Deriving a Möbius transformation specified by three points

Question

A Möbius transformation is given by

$$f(z)=\frac{az+b}{cz+d}$$

with parameters $a$, $b$, $c$, and $d$. The Wikipedia article provides rules for finding these parameters based on three points $z_1$, $z_2$, and $z_3$ and their images $w_1$, $w_2$, and $w_3$. It is my goal to understand how we can derive the equations which yield the parameters.

Möbius transformations preserve the cross-ratio, so I assume we start with the cross-ratios of the original points and their images: $$(z,z_1;z_2,z_3)=(f(z),w_1;w_2,w_3)$$ which can be reformulated as

$$\frac{(z-z_2)(z_1-z_3)}{(z_1-z_2)(z-z_3)}=\frac{(f(z)-w_2)(w_1-w_3)}{(w_1-w_2)(f(z)-w_3)}$$

I imagine the solution is obtained by reformulating this equation above somehow to solve for $f(z)$. But how is this done?
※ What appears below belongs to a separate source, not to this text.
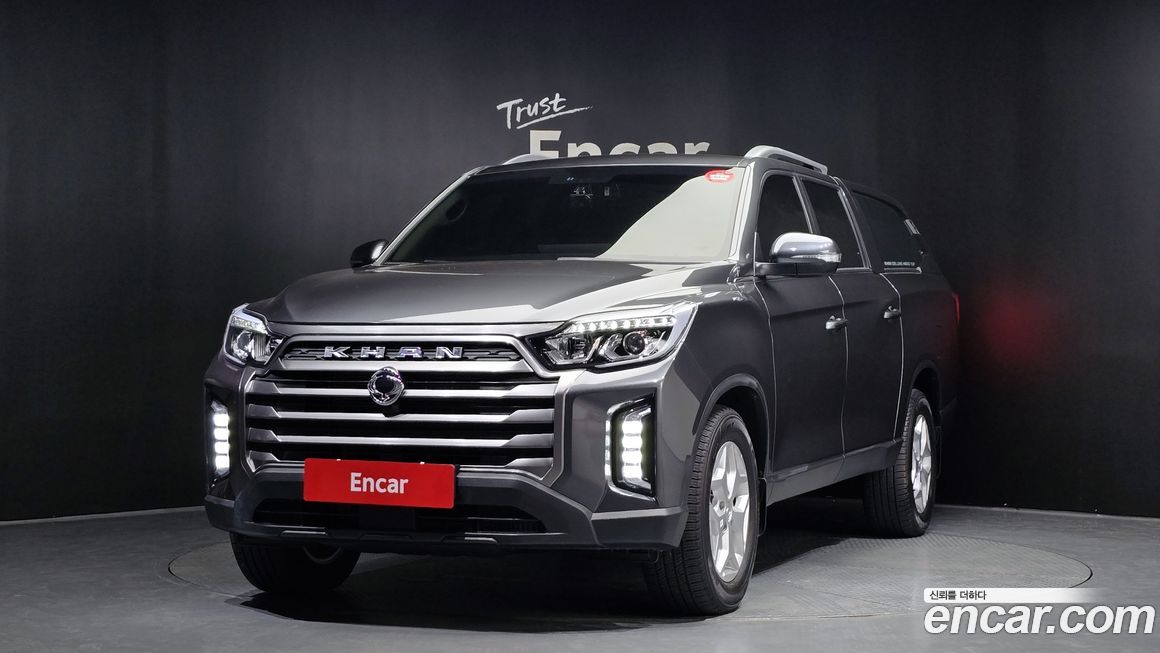 KG_Mobility_Ssangyong Rexton 2024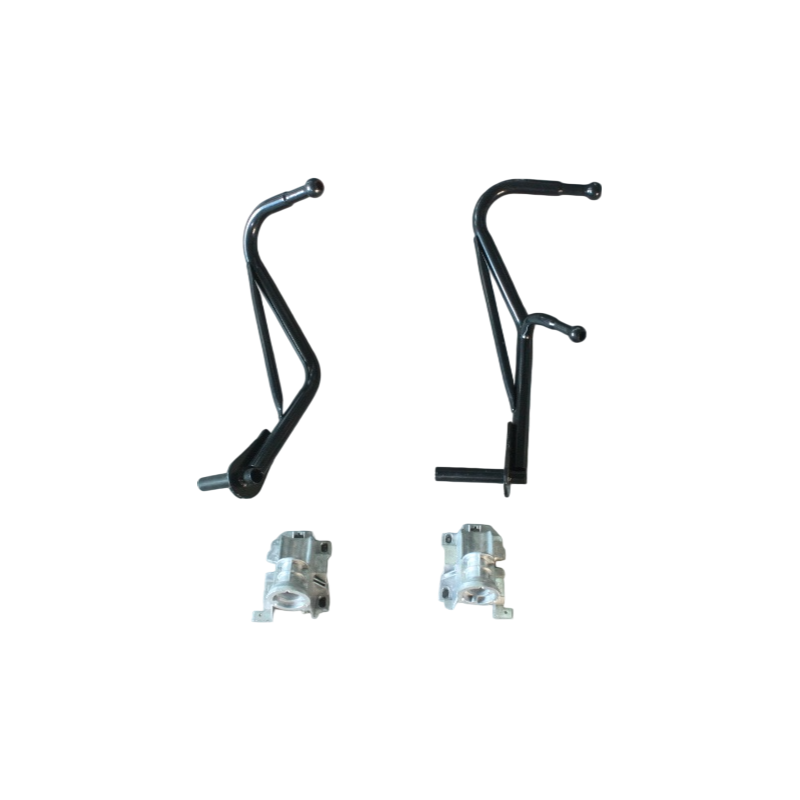 JMC New Shunda Wide Truck Mirror Arm Assembly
I could not find a proper tutorial for this online - most tutorials I find plug in specific points at this stage, but I would like to learn how the general approach is derived.

Answer 1

multiply up

$$(f(z)-w_3)(w_1-w_2)(z-z_2)(z_1-z_3)=(f(z)-w_2)(w_1-w_3)(z_1-z_2)(z-z_3)$$

put

• $A = (w_1-w_2)(z-z_2)(z_1-z_3)$
• $B = (w_1-w_3)(z_1-z_2)(z-z_3)$

$$(f(z)-w_3)\cdot A=(f(z)-w_2)\cdot B$$

multiply out $$f(z) \cdot (A-B)=w_3\cdot A-w_2\cdot B$$

multiply out

$$f(z) =\frac{w_3\cdot A-w_2\cdot B}{A-B}$$

should work as long as $A \not = B$, infinities may need to be handled separately.

Answer 2

Unless you have an unusual memory, and/or are somehow required to do this, I think there's little reason to have in mind "the formula" or any "clever changes of variables"... to determine the coefficients of the linear fractional (Mobius) transformation you want.

Rather, it is possible to derive the expression in a natural fashion (thus dodging the brittleness of memory-of-formulas...). Namely, first move $z_1$ to $w_1$ by your choice of simple linear fractional transformation, e.g., either a complex multiplication or a complex addition. Keep track of where the other points go. Then choose a l.f.t. fixing the first desired image $w_1$, and moving the new $z_2$ to $w_2$. And similarly for (the new-new) $z_3$ to $w_3$.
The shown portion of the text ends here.